#### [Records to use]
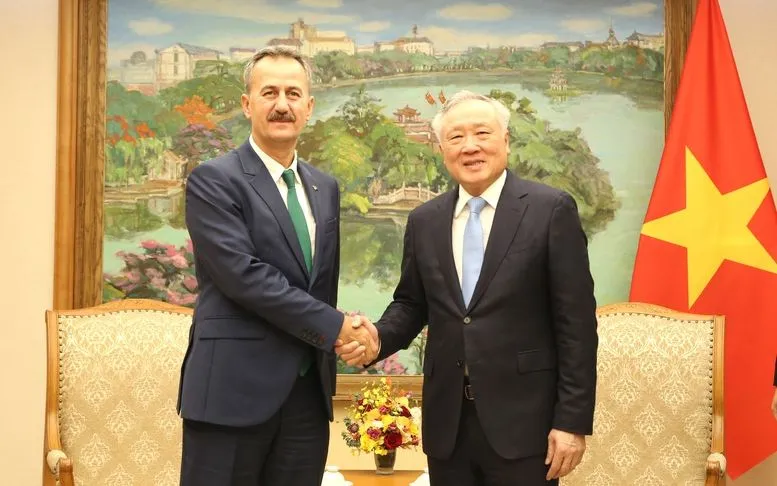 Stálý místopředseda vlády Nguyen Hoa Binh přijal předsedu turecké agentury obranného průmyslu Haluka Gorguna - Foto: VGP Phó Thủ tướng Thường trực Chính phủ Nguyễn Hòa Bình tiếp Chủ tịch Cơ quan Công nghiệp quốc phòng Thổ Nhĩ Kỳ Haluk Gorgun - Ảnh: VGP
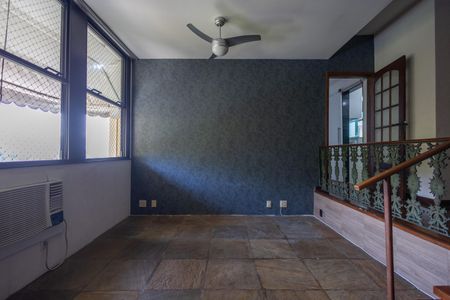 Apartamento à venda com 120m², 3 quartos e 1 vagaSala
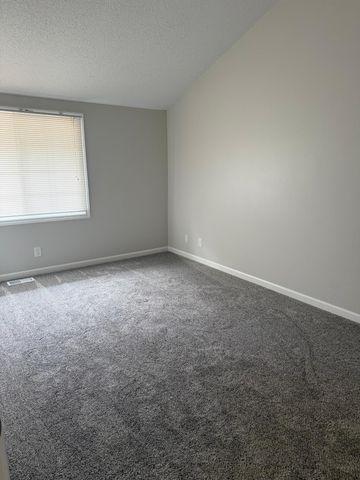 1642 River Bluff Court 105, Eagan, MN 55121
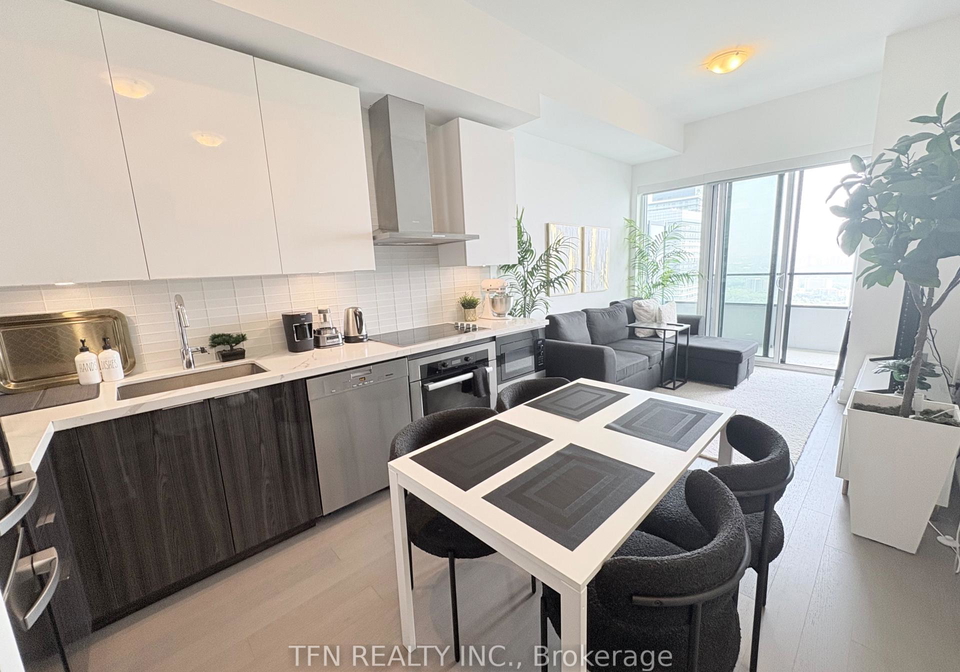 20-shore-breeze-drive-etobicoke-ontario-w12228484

--

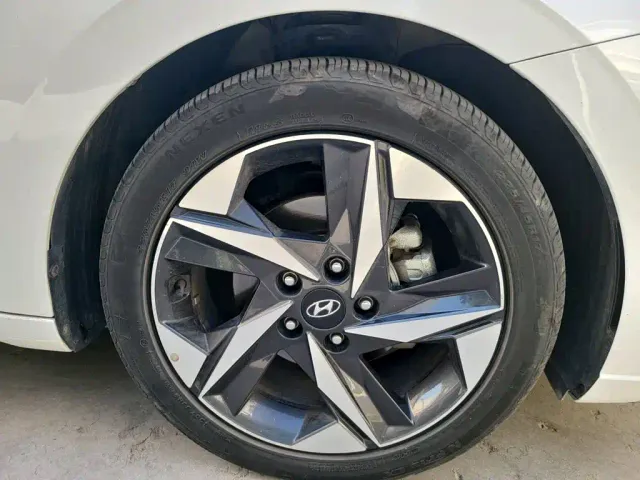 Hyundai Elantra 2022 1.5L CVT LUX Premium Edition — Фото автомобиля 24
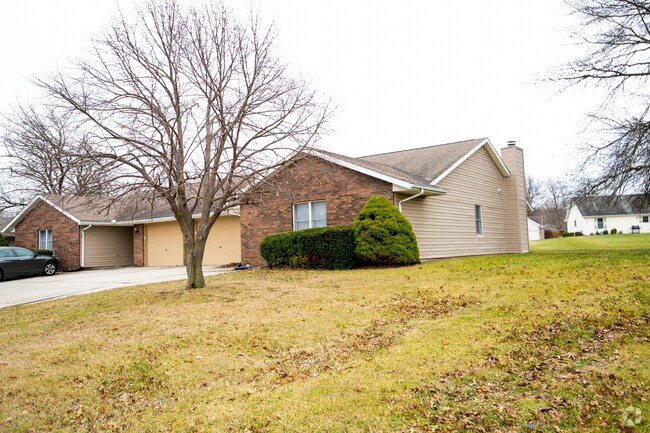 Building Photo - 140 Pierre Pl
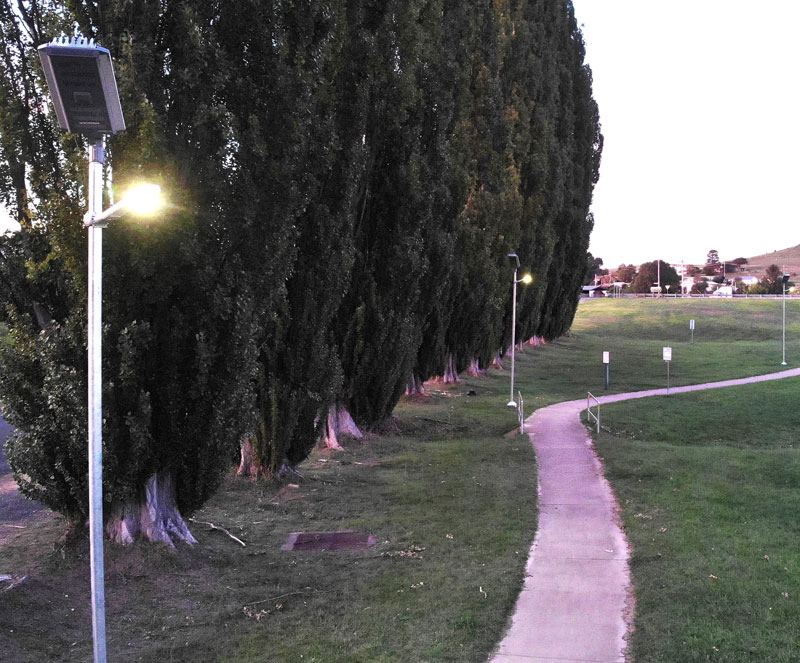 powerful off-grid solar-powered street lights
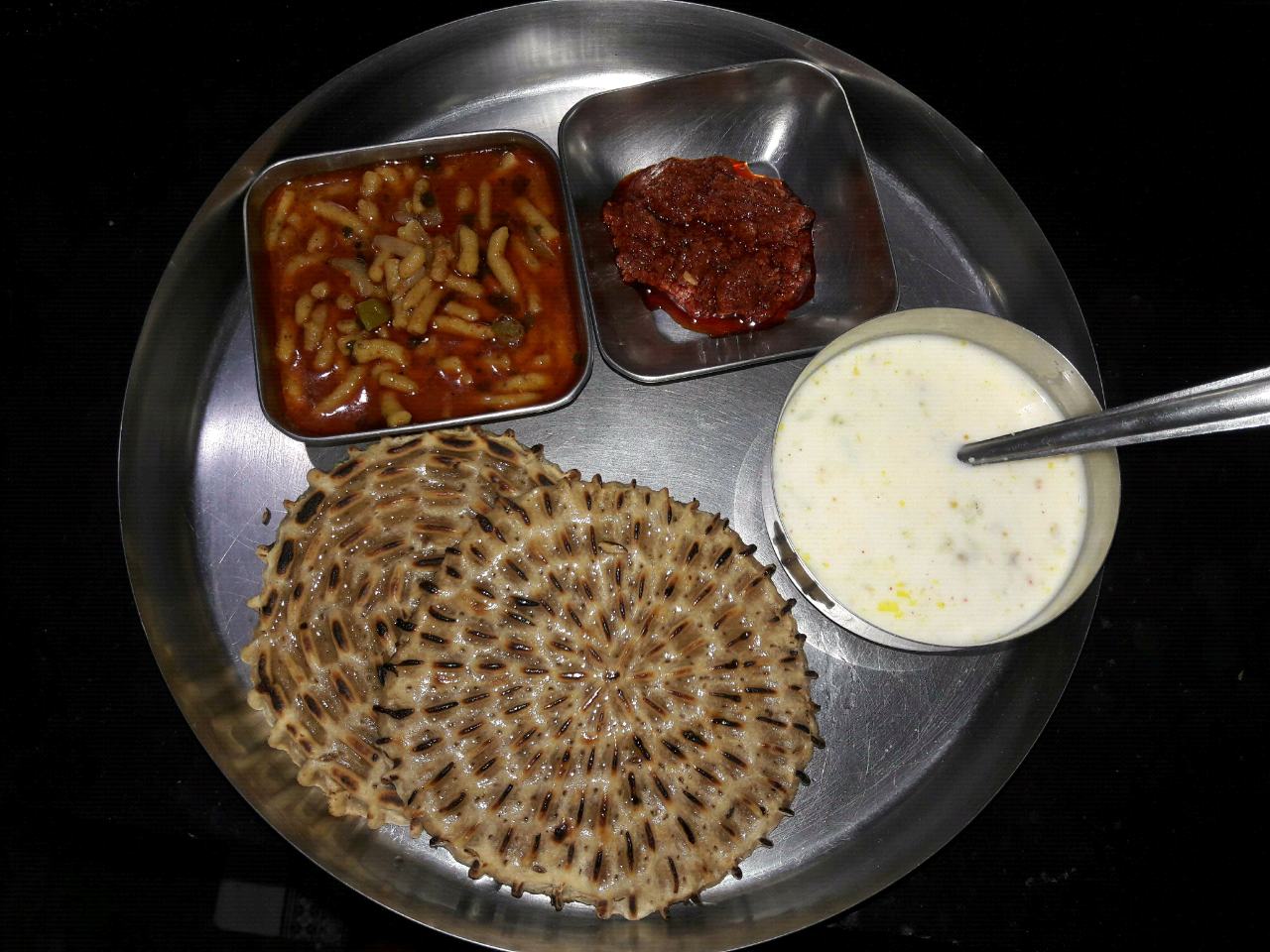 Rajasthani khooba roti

#### [What the task requires]
Working from the entries above, please transcribe only the lines from the line with "1642 River Bluff Court 105, Eagan, MN 55121" through the line with "20-shore-breeze-drive-etobicoke-ontario-w12228484", exactly, with both end lines and without pictures.

#### [Solution]
 1642 River Bluff Court 105, Eagan, MN 55121
 20-shore-breeze-drive-etobicoke-ontario-w12228484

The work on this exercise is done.